| BRIEF |
Repeat, exactly as written, the lines from the one with "Primary Photo - 145 Chapin St" to the final line of the listing, and keep every picture out.

-- MATERIAL TO PROCESS follows --

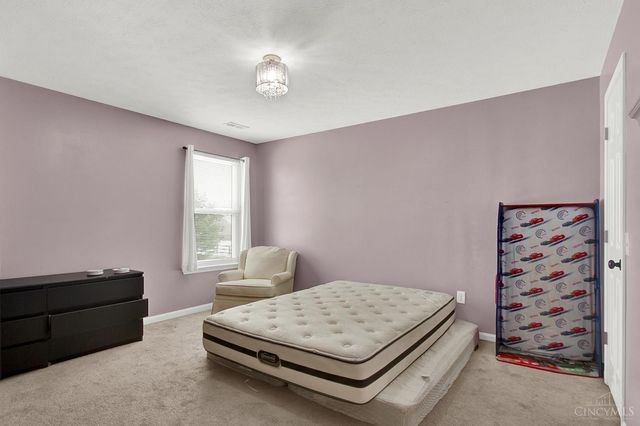 2140 Crossridge Drive, Batavia Twp, OH 45103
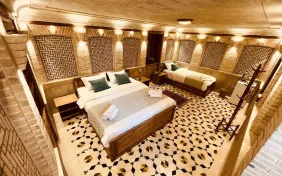 اتاق سه تخته لاجورد (اقامت با صبحانه)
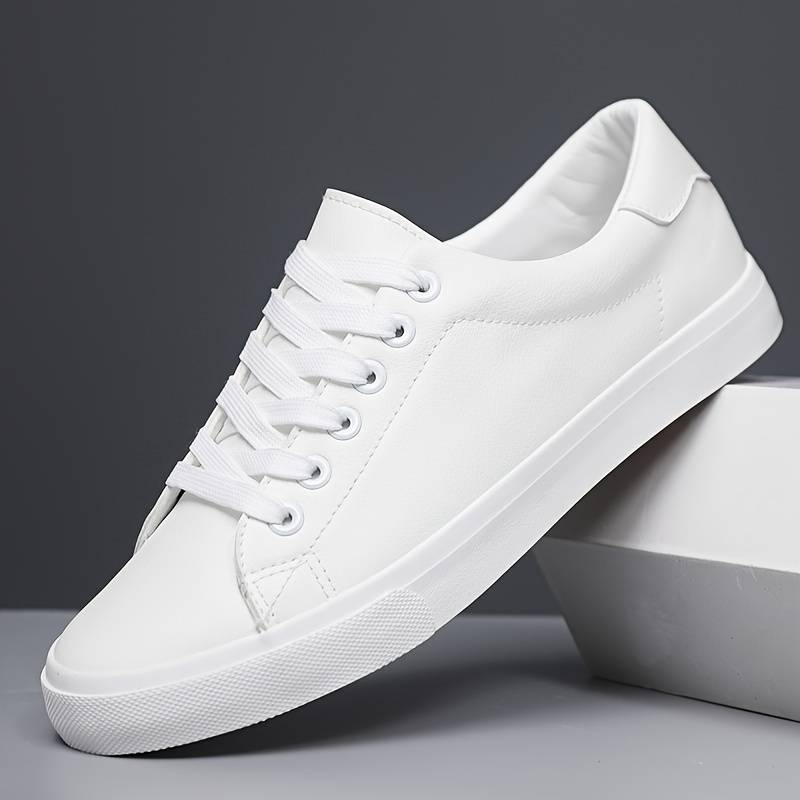 Men’s low-top sneakers with flat laces and rubber tread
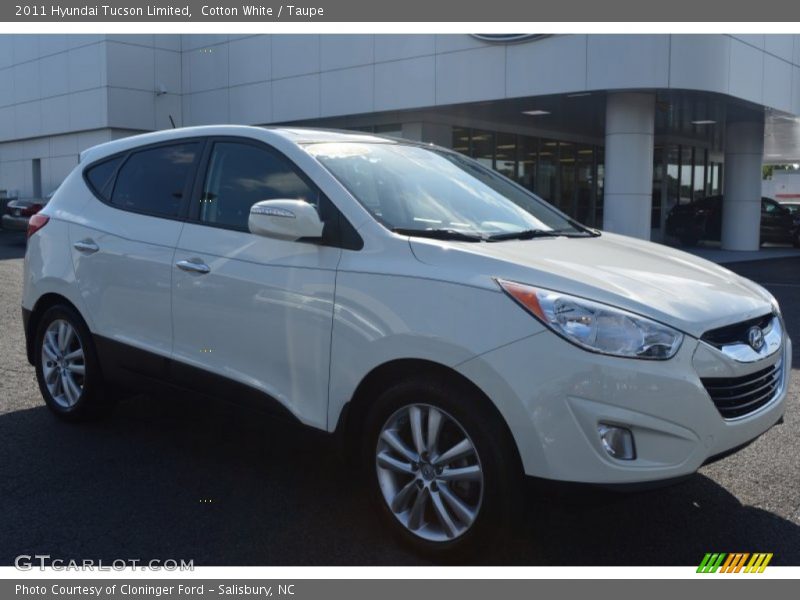 Cotton White / Taupe 2011 Hyundai Tucson Limited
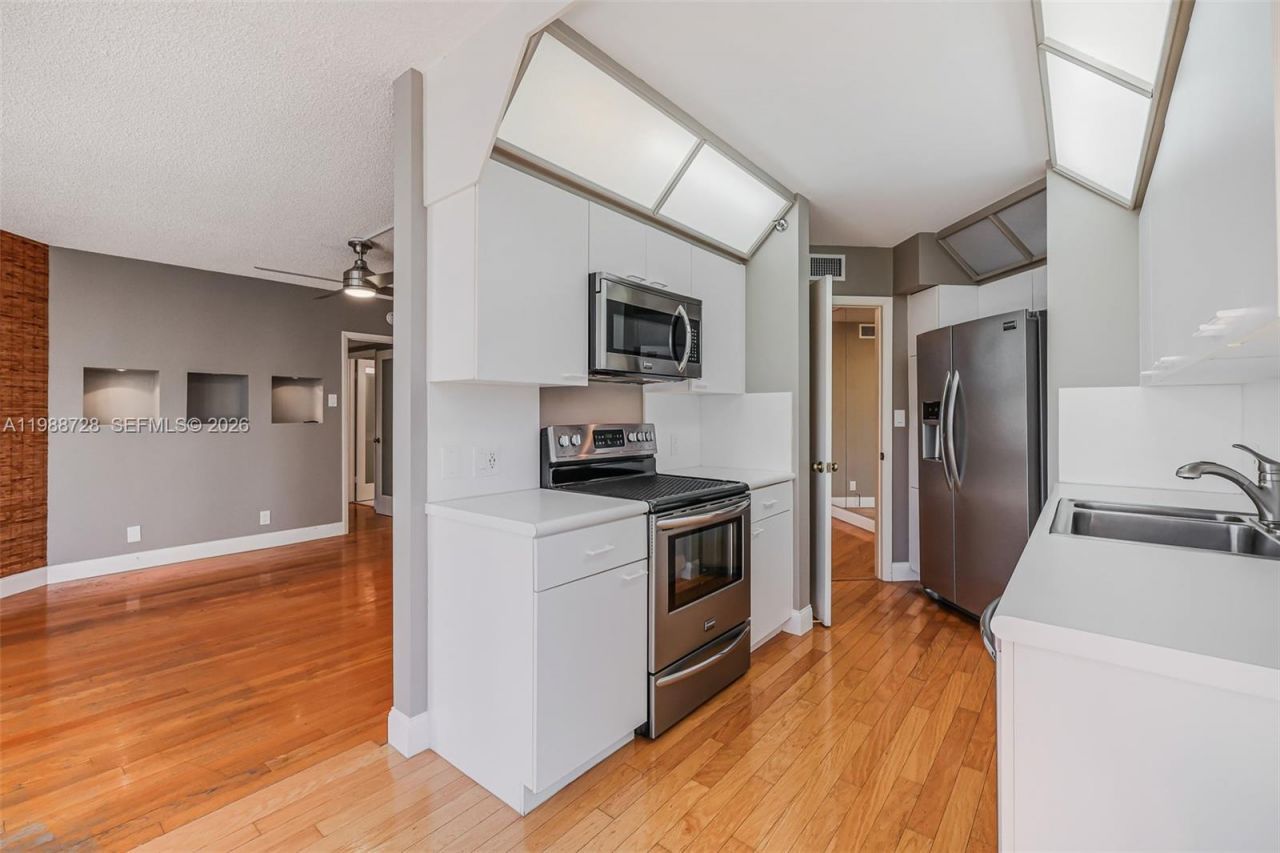 20185 E Country Club Dr, Unit 302, Aventura, FL 33180 Photo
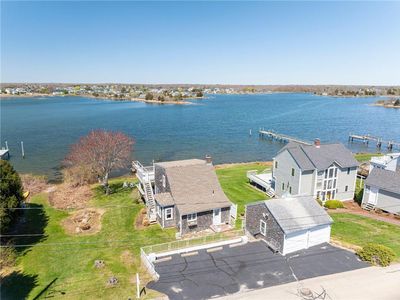 31 E Pond Rd, Narragansett, RI, 02882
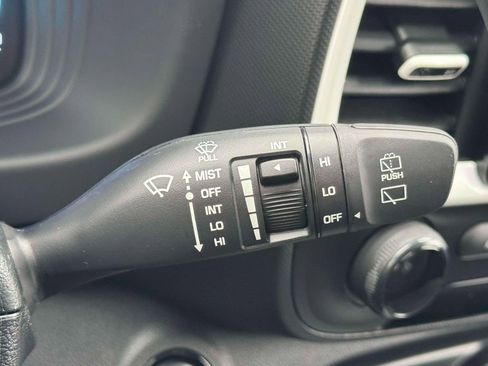 New 2026 Hyundai Venue SEL FWD image 19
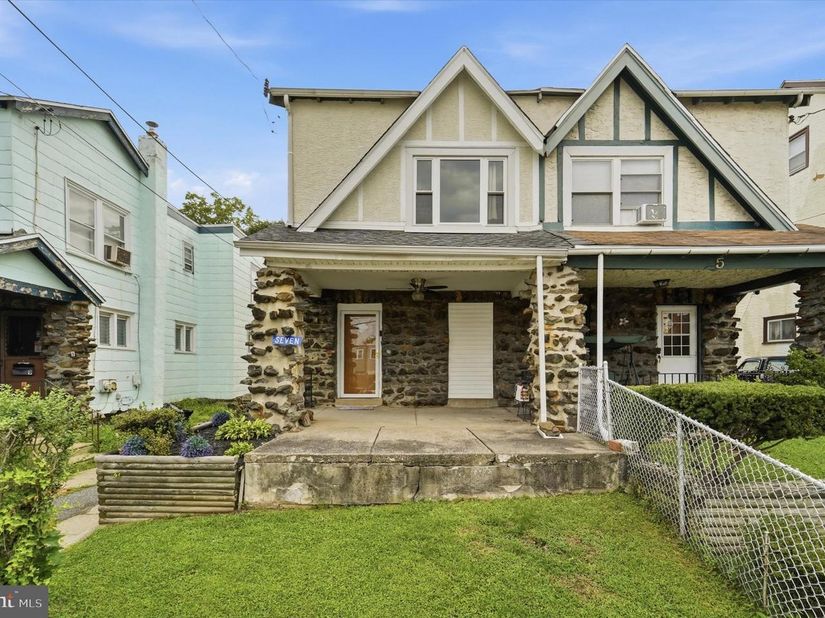 7 Oakley Road, Upper Darby PA 19082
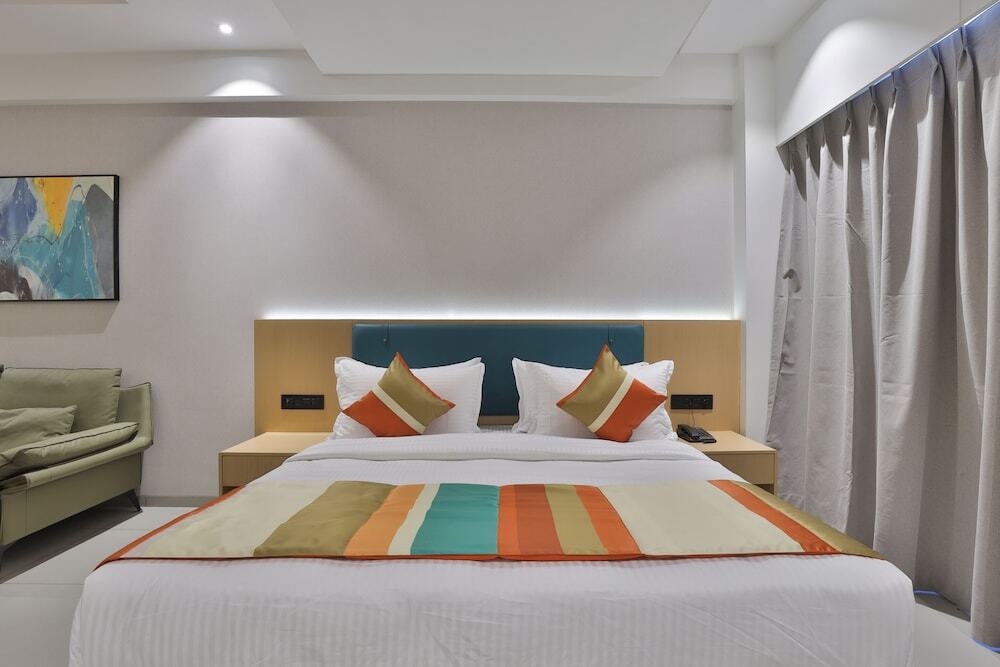Сурат: Hotel Elements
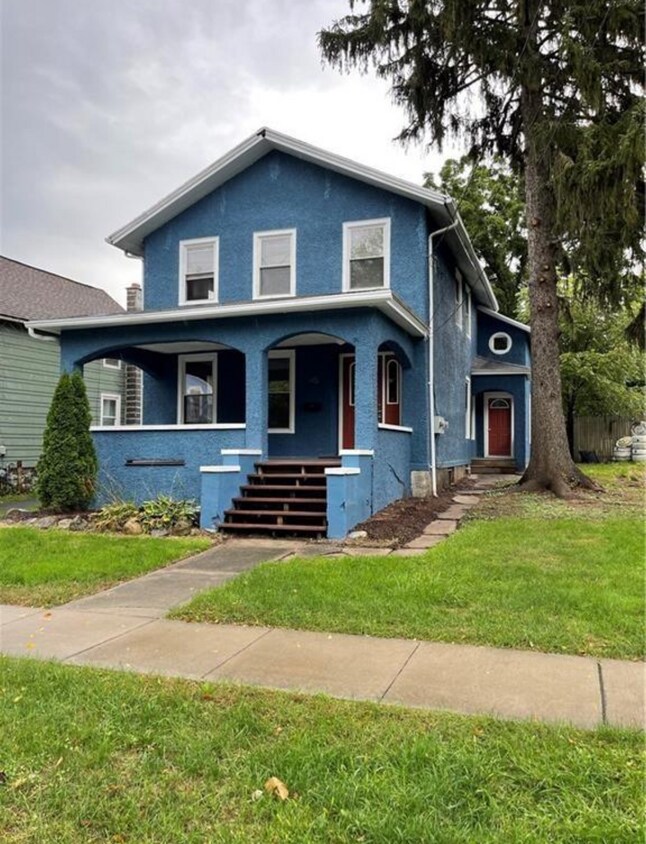 Primary Photo - 145 Chapin St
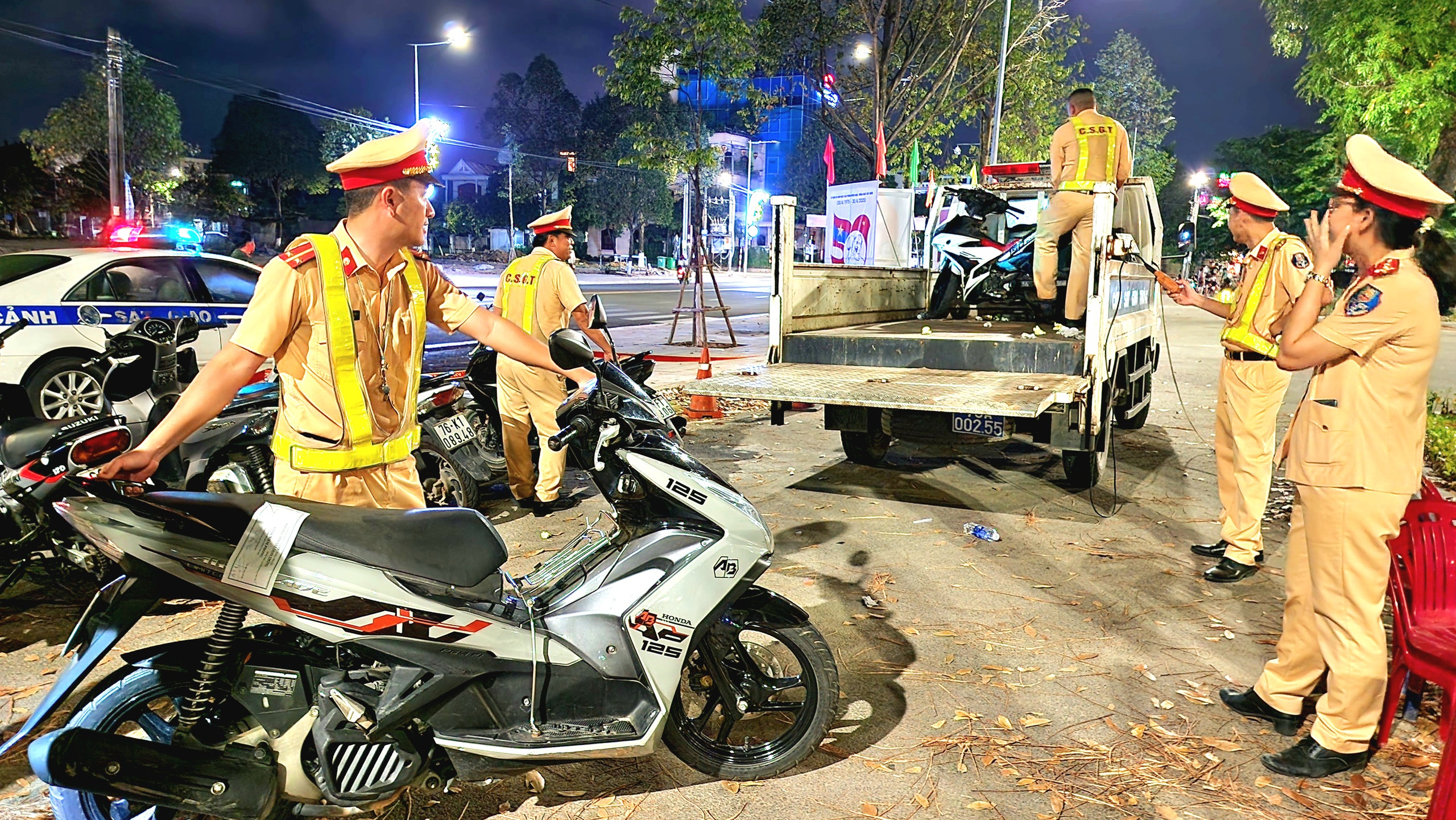 Viện cớ chở bạn bị "đi&ecirc;n", ma men n&eacute; tr&aacute;nh kh&ocirc;ng đo nồng độ cồn- Ảnh 12.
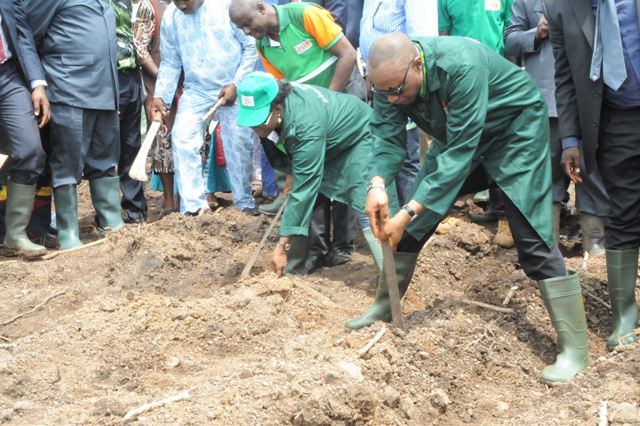 Governor Olusegun Mimiko and his wife, Kemi (right) leading the way in the back-yard farming in Akure, in Ondo State February 2016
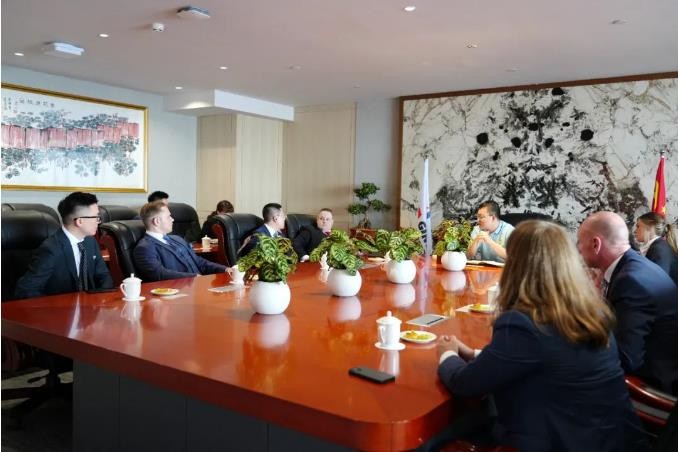 德中合作交流促进协会会长、德国VitalCura GmbH护理集团董事长Simon Voss一行到访PT视讯(中国区)官网股份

-- MATERIAL TO PROCESS concluded --

| FINISHED EXERCISE |
 Primary Photo - 145 Chapin St
 Viện cớ chở bạn bị "đi&ecirc;n", ma men n&eacute; tr&aacute;nh kh&ocirc;ng đo nồng độ cồn- Ảnh 12.
 Governor Olusegun Mimiko and his wife, Kemi (right) leading the way in the back-yard farming in Akure, in Ondo State February 2016
 德中合作交流促进协会会长、德国VitalCura GmbH护理集团董事长Simon Voss一行到访PT视讯(中国区)官网股份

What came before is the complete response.